= Technology management =

Design and control of technology products

Technology management refers to the integrated planning, design, optimization, operation and control of technological products, processes and services, in order to manage of the use of technology for human advantage. It contains a number of management disciplines that allow organizations to manage their technological fundamentals to benefit their customers. The role of the technology management function in an organization is to understand the value of certain technology for the organization and for the customer, and to identify when it is better to invest in technology development and when to withdraw.

==Key concepts==

Typical concepts used in technology management are:
- Technology strategy - the logic or role of technology in an organization.
- Technology forecasting - the identification of possible relevant technologies for the organization, such as technology scouting.
- Technology roadmap - mapping technologies to business and market needs.
- Technology project portfolio (a set of projects under development) and technology portfolio (a set of technologies in use).
- Technology transfer - the process by which technology is transferred from the institution, organization or person that possesses it to another institution, organization or person, usually with the aim of transforming inventions and scientific knowledge into novel products and services that can then be provided to the market place or society in general.
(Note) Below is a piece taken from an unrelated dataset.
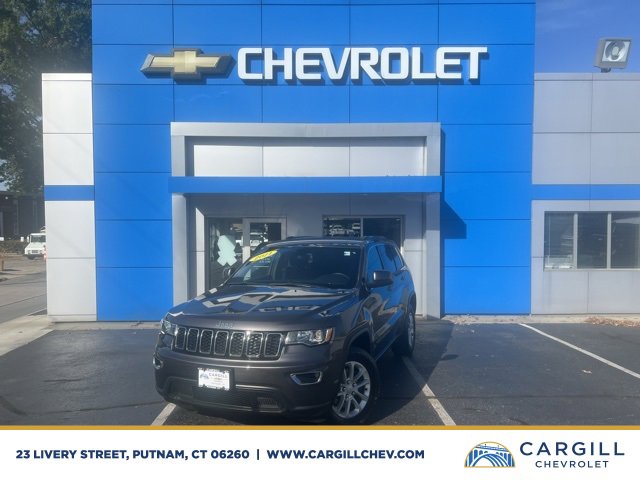 Used 2021 Jeep Grand Cherokee Laredo w/ Security & Convenience Group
== Accreditation and certification ==
===United States===
In the United States, Technology Management was deemed an emerging field of study by the Department of Education and received a new Classification of Instructional Program (CIP) code in 2020. The Association of Technology, Management, and Applied Engineering (ATMAE) accredits collegiate programs in technology management. An instructor or graduate of a technology management program may choose to become a Certified Technology Manager (CTM) by sitting an exam administered by ATMAE covering production planning & control, safety, quality, and management/supervision. The ATMAE program accreditation is recognized by the Council for Higher Education Accreditation (CHEA) for accrediting associate, baccalaureate, and master's degree technology management programs.